Deadlines, especially in the videogame industry where new innovations and technology are constantly being developed, are sometimes hard to meet. Often times, developers will choose to push back release dates in order to add features, update gameplay, or fix bugs late in the process. Most gamers don’t mind this, and are thankful for the better end product. There is a certain point, however, that a game will stop being called a “delayed game” and will start being called “vaporware,” and the question people ask is not when a game will be released but if it even exists.
It is impossible to engage in any discussion of vaporware without mentioning Duke Nukem Forever, a game which has been in development for so long that the idea of its release has actually become a favorite joke among gamers. Originally slated for a 1998 release, it came as quite a shock to the gaming world when the game was recently given a new release date of summer 2011, and appeared at the Penny Arcade Expo with playable demos available on the showroom floor, confirming that the game will probably be released after all this time.
Duke Nukem Forever is actually the fourth installment in the popular Duke Nukem series of computer games first released in the early 90s. Notorious for its crude humor, violence, and sexual content, the series has long been controversial. In a press release for the upcoming game, publisher 2K Games described the titular character as “the interactive entertainment industry’s most irreverent and quoted character of all time.” The infamy of the game is familiar to many games, including Andrew Nagler, sophomore in biological sciences.
“It was really gratuitously violent, but it was a whole lot of fun,” Nagler said.
Senior in computer and electrical engineering, Kyle Bolton described the legacy of the series and it’s landmark status.

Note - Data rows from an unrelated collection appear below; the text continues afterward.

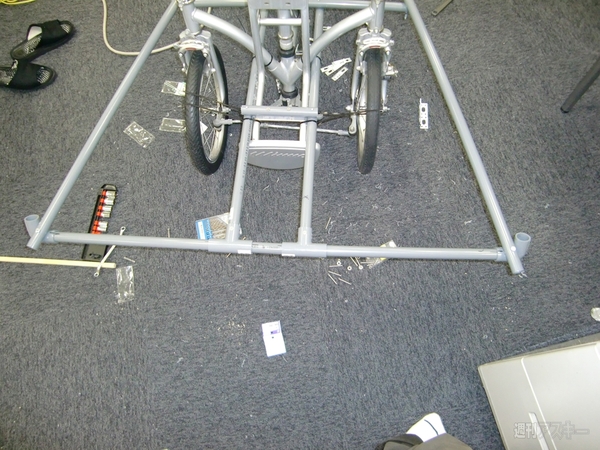 何をつくっているのかな？（3）：固定後のフロント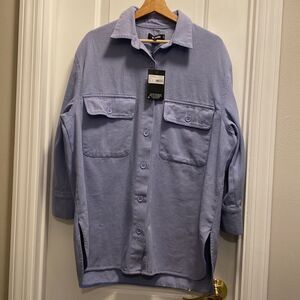 Misguided Denim Oversized Shirt size 2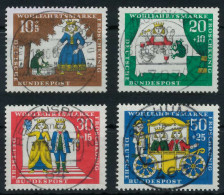 BRD BUND 1966 Nr 523-526 Zentrisch Gestempelt X6A344A - Usados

“Before [Duke Nukem] games were all text based,” Bolton said. “So this was one of the first big graphical videogames, and it had a good following. Duke Nukem, in a sense, founded the violent videogame genre. There would be ploys about him running off with women. You would see him with the beautiful women at the end of the game. There was the stripper scene where you can shoot the stripper and she would give you money.”
Despite controversy, however, the series maintained a strong fan base and positive critical reception. The vaporware status of the latest installment is due partly to perfectionism and the developer’s attempts to constantly update the game to keep up with the times, and partly to financial issues.
“The rights have been sold two or three times over,” Bolton said, “and every time it moves the [developers] will say ‘yeah, we’re going to develop it, yeah we’re going all gung-ho with it,’ and then it gets shut down for whatever reason.”
Developer enthusiasm alone wasn’t enough to save the project, however.
”In 2001, it was announced that it was going to be released ‘when it’s done’,” Bolton said, “and in 2009, [previous developer 3D Realms] was basically shut down and the publisher sued them because they hadn’t finished it yet.”
This long development period has left many gamers jaded, and some have lost interest in the game even if it does get released. Among them is Ernest Perry, a senior in computer science.
“You just don’t care until you see it on the shelf,” Perry said. “It’s not going to come out with the fanfare it would have. When you kill something that many times it is going to hurt it a little.”
As far as the content that made the earlier games so notorious is concerned, it is difficult to determine whether the new game will be as controversial. Gearbox is promising, however, that “The King is Back,” a statement that speaks for itself.
“You’re always going to have some consumer group saying little Jimbo doesn’t need to be seeing flying guts and gore,” Bolton said. “If they keep to a classic shooter and he’s shooting aliens, [the controversy] will be very low level.”
Whether the game will be as tasteless as expected, or as successful as the previous Nukem titles remains to be seen. Gamers can expect its release in summer 2011.